Privacy Policy

1. Introduction

TOV «Sinaptic AI» (hereinafter “Sinaptic,” “we,” “us,” or “our”), a company registered under the laws of Ukraine and a resident of Diia.City, is committed to protecting the privacy and personal data of all individuals who interact with our products, services, and digital properties. This Privacy Policy explains how we collect, use, store, share, and protect personal data in connection with our AI-powered cybersecurity products — Browser DLP, Sinaptic AI Intent Firewall®, and Sinaptic® DROID+ — as well as our website at sinaptic.ai.

This policy is drafted in compliance with the General Data Protection Regulation (EU) 2016/679 (“GDPR”), the Law of Ukraine “On the Protection of Personal Data” No. 2297-VI, and other applicable privacy legislation in jurisdictions where we operate.
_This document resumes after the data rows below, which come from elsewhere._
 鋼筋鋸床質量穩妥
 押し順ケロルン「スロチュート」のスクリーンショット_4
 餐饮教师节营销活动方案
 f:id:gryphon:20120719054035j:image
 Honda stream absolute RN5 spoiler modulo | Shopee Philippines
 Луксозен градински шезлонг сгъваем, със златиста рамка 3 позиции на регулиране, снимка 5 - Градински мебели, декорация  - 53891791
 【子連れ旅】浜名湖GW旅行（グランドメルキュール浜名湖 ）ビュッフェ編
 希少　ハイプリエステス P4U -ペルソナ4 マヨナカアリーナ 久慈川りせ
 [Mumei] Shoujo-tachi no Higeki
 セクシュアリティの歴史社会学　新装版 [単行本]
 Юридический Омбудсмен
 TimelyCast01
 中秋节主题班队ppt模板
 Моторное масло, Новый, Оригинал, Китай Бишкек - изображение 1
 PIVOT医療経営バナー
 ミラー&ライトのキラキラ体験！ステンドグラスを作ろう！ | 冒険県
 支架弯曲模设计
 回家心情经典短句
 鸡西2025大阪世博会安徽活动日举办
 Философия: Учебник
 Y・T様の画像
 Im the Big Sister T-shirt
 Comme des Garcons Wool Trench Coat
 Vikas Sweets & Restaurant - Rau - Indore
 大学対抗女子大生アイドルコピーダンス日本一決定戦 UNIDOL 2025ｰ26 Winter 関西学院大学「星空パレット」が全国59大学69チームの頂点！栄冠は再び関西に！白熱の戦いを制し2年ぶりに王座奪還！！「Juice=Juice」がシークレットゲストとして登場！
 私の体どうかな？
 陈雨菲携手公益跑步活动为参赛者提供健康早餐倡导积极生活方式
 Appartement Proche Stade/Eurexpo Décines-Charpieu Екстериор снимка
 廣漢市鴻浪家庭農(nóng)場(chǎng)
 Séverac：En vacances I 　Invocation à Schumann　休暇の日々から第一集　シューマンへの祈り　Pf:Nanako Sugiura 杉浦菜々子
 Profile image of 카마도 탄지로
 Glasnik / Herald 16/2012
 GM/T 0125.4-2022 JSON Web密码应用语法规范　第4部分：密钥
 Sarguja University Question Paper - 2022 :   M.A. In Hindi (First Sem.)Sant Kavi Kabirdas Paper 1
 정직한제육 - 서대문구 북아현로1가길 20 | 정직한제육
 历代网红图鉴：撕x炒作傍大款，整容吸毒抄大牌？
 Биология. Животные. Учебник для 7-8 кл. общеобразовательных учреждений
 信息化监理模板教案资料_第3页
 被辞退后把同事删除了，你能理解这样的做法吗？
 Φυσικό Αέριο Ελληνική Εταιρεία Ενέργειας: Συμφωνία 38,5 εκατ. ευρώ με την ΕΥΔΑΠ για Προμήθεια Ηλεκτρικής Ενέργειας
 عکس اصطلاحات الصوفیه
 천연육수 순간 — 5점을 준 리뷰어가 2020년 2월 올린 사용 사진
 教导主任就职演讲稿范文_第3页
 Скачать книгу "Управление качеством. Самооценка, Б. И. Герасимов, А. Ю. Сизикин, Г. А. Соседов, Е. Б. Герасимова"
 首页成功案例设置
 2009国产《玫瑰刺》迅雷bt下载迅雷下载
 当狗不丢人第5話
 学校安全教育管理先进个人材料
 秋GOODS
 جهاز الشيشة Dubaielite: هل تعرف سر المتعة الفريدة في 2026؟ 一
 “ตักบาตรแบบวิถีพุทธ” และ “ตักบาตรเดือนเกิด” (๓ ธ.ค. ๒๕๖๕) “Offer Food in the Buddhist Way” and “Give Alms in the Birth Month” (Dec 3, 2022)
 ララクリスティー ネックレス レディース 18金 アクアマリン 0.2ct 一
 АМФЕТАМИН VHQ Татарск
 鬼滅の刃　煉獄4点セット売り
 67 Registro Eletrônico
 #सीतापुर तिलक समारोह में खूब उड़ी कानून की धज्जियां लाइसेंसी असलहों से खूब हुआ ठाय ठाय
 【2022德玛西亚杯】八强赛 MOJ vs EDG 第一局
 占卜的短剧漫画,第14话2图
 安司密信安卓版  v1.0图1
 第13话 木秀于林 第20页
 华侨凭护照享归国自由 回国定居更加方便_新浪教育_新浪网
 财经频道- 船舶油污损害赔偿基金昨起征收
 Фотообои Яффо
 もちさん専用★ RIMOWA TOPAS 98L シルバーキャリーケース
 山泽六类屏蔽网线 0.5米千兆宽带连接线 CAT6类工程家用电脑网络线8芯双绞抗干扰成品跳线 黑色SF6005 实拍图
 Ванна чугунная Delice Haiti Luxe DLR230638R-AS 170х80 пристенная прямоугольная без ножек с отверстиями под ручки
By using our services, visiting our website, or otherwise engaging with Sinaptic, you acknowledge that you have read and understood this Privacy Policy.

2. Data Controller

The data controller responsible for processing your personal data is:

Where Sinaptic processes personal data on behalf of enterprise clients through our Browser DLP, Sinaptic AI Intent Firewall®, or Sinaptic® DROID+ products, we act as a data processor. In such cases, the client organization is the data controller, and a Data Processing Agreement governs the relationship.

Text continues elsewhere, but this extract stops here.